Heat transfer by thermal conduction is treated as moving in one direction only: the x-direction (rectangular slabs) or the r-direction (cylinders or spheres). In consequence, there is no heat loss through the flanks of the slab. The slabs are assumed to be at steady-state; the temperature profile with the slab is constant. In consequence, the heat addition to the slab is equal to the heat rejection: we concern ourselves with a single rate of heat flow. There is no internal heat generation (e.g. by radioactive decay). There is no moving boundary work.
A system's electrical resistance is the applied potential difference required to drive one unit of current flow. Its thermal resistance is the applied temperature difference required to drive one unit of heat flow rate.
From the Fourier-Biot Law of heat conduction, one derives a general expression for the rate of heat conduction through a solid prismatic section,
$$ \dot{Q} = -\lambda A \frac{ \Delta T }{\Delta x} $$where \( \dot{Q} \) is the rate of heat transfer , \( \lambda \) is a material constant termed the "thermal conductivity", \( A \) is an average cross-section area of the prism. Also \( \Delta T \ = T_2-T_1 \) is the difference in temperature between the two slab faces, and \( \Delta x \) is the slab thickness.
Let us propose a thermal resistance that is analogous to electrical resistance. Let the two ends of a current carrier (i.e. a resistor) be at electrical potential \( \phi_1 \) and \( \phi_2 \). The electrical resistance relates either to Ohm's Law, or the geometric and material properties of the resistor.

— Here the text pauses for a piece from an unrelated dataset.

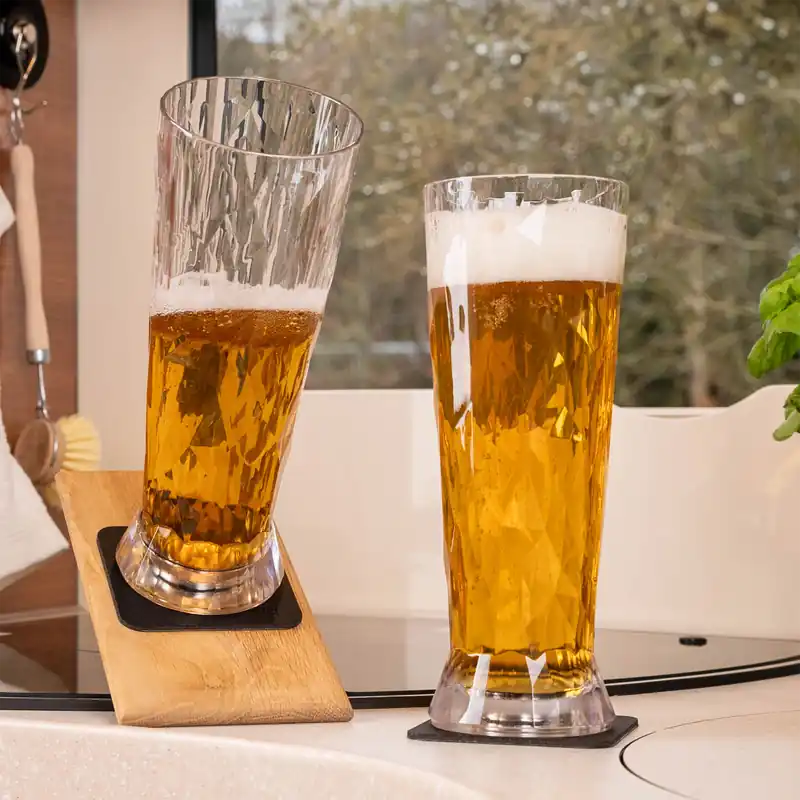 Silwy Magnet-Kunststoffgläser BIER inkl. metallische Gel-Untersetzer 6 Stück (500 ml) Top-Seller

$$ R = \frac{\phi_1-\phi_2}{I} = \frac{-\Delta \phi}{I} = \frac{V}{I} = \frac{\Delta x}{A \sigma} \qquad electrical \; resistance $$where V is the decrease in potential (the "voltage") and \( \sigma \) is a material constant termed "electrical conductivity". The thermal analogue is, $$ R = \frac{T_1-T_2}{\dot{Q}} = \frac{-\Delta T}{\dot{Q}} = \frac{\Delta x}{A \lambda} \qquad thermal \; resistance $$
For a series of (for example) three electrical resistances the total electrical resistance is the sum of the component resistances. This conforms to the overall potential difference being the sum of the differences across the individual resistors.
$$ V_{ov} = \phi_1-\phi_4 = -1 \times ((\phi_4-\phi_3) + (\phi_3 - \phi_2) + (\phi_2 - \phi_1)) $$and the intermediate potentials, \( \phi_2 , \phi_3 \), cancel. Note that electrical current I is a constant throughout the circuit, and substitute Ohm's law, \( \phi_4-\phi_3 =-I R_{34} \) etc, for each potential difference on the far right hand side, and substitute Ohm's Law, \(V_{ov} = I R_{ov} \), for the voltage on the far left hand side.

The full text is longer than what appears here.